Thanks to the popularity and sales of Mr. Tan's C language books, many people think that the array name is a pointer to the first address of the array, but in fact this statement is wrong!
Let's use a simplest example, assuming that the array name is a pointer, then:
#include <stdio.h>
int Number[10];
int *Number2;
int main()
{
int a=sizeof(Number);
int b=sizeof(Number2);
printf("a的大小为:%d \n b的大小为 %d\n",a,b);
return 0;
}
Number is a pointer, and Number2 is also a pointer. Normally, the size should be 8,
but the actual output is indeed a=40 b=8
That is to say, the array name is not equal to the pointer in some cases, but it will degenerate into a pointer in some cases
First of all, we need to know that a simple array name, not a pointer
The array name is an identifier that identifies a series of memory spaces we have previously applied for, and the element types in this space are the same - that is, the array name represents a memory block and the element type in this memory block.
It's just that in most cases the array name "degenerates" (the C standard uses the words decay and converted) to be a pointer to the first element. The pointer is not an aggregate data structure, it holds the address of a certain type of object (except void*), and it also points to this object. We can access this object through this address. Explain with a diagram, where a represents the entire memory block we declared, and p only points to an object of type char
char a[] = {
'h' 'e' 'l' 'l' 'o'};
char b[] = {
'w' 'o' 'r' 'l' 'd'};
char *p=b;
so, what happened?
Let's take a look at the C99 standard:
The third paragraph of C99 6.3.2.1 Lvalues, arrays, and function designators says this:
Except when it is the operand of the sizeof operator or the unary & operator, or is a
string literal used to initialize an array, an expression that has type ‘‘array of type’’ is
converted to an expression with type ‘‘pointer to type’’ that points to the initial element of
the array object and is not an lvalue. If the array object has register storage class, the
behavior is undefined.
The meaning of this passage is: The array name is only in the
- sizeof operator
- address & operator
- String constant-initialized array Str[]="abcdef"
No degeneration (array decay) occurs in these three cases
In other cases, calling the array name will degenerate into a pointer to the first address of the array
To go deeper, it is necessary to understand the sizeof of pointers
The pointer is used to record the address of another object, so the memory size of the pointer is equal to the width of the computer's internal address bus.
The size of an address is 4 if it is a 32-bit system, and 8 if it is a 64-bit system, so, in the function sizeof obtains the length of the pointer instead of the length of the array
The sizeof value of a pointer variable has nothing to do with the object pointed to by the pointer.
Conclusion:
That is to say, in the C language, the array name degenerates into a pointer in the function call. Use Sizeof for the parameters of the function. The result obtained by sizeof is the size of the pointer, not the size of the array itself.

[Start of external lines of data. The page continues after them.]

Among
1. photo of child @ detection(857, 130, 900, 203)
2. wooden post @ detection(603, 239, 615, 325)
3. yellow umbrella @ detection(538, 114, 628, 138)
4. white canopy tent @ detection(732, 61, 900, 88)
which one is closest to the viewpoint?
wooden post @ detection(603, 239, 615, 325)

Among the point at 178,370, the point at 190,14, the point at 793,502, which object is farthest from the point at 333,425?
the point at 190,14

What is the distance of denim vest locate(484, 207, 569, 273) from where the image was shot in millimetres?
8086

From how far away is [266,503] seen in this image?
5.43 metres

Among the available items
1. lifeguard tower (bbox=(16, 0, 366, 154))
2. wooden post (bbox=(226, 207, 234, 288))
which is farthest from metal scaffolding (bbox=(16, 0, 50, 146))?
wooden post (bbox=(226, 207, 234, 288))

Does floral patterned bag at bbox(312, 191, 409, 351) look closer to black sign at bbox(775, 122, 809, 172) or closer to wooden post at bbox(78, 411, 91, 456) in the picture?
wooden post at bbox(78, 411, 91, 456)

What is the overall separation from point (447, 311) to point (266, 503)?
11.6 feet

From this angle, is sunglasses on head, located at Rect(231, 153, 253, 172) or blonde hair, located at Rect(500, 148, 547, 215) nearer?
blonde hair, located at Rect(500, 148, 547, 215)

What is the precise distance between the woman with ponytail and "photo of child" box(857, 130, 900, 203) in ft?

Take another look at the processing time of Sizeof
sizeof is a unary operator in C language (but some people think it is a special macro), like other operators in C language ++, – and so on. It's not a function .

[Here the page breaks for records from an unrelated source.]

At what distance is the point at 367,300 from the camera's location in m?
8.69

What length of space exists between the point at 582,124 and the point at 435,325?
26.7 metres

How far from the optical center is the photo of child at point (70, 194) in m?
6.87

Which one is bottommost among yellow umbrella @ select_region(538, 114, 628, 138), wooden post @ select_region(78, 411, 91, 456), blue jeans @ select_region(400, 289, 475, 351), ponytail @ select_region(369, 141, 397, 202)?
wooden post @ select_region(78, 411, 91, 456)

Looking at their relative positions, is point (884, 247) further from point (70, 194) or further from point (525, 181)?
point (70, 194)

The sizeof operator gives the storage size of its operand in bytes. The operand can be an expression or a type name enclosed in parentheses. The storage size of the operand is determined by the type of the operand. Simply put, its function is to return the number of bytes of memory occupied by an object or type.

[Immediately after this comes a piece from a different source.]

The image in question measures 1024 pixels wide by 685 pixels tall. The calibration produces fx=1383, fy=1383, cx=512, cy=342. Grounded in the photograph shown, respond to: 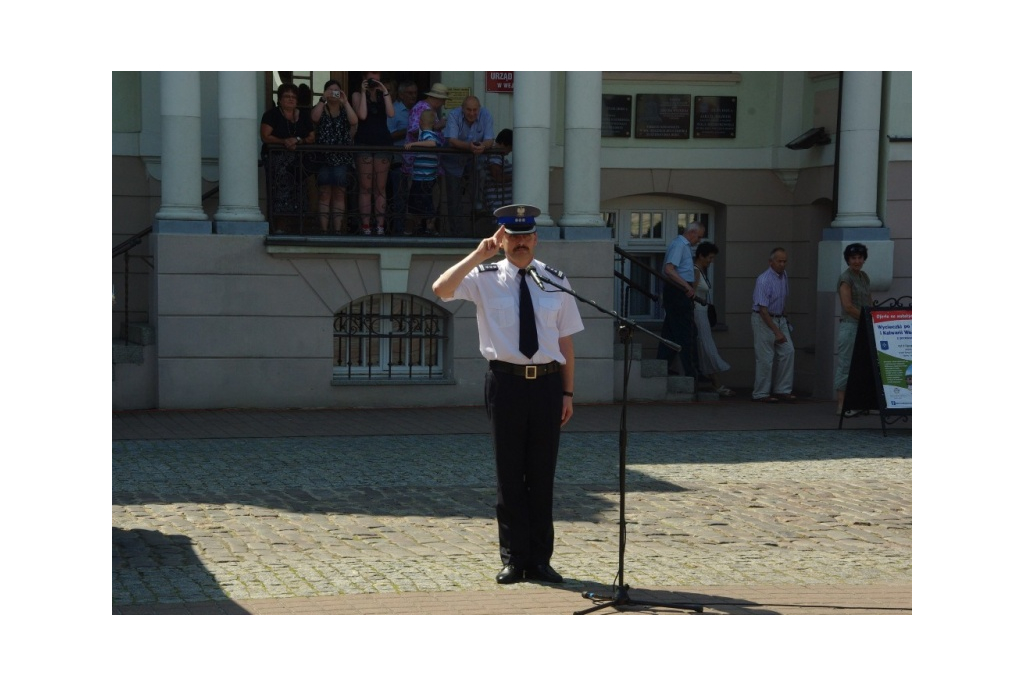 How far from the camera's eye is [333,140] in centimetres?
1532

That is to say, Sizeof is a C language operator, then its processing stage is in the compilation stage, that is to say, before your program is not running, sizeof(arr) is replaced by a fixed constant, then for dynamically generated The size of an array cannot be calculated using sizeof.
Solution:
Add one more parameter to the function, indicating the length of the array,
#include <stdio.h>
int Number[10];
void print_1(int n[], int len)
{
printf("数组大小为:%d\n",len);
printf("数组共有%d个数据\n",len/sizeof(int));
}
int main()
{
print_1(Number,sizeof(Number));
return 0;
}
The above is the summary of the problem.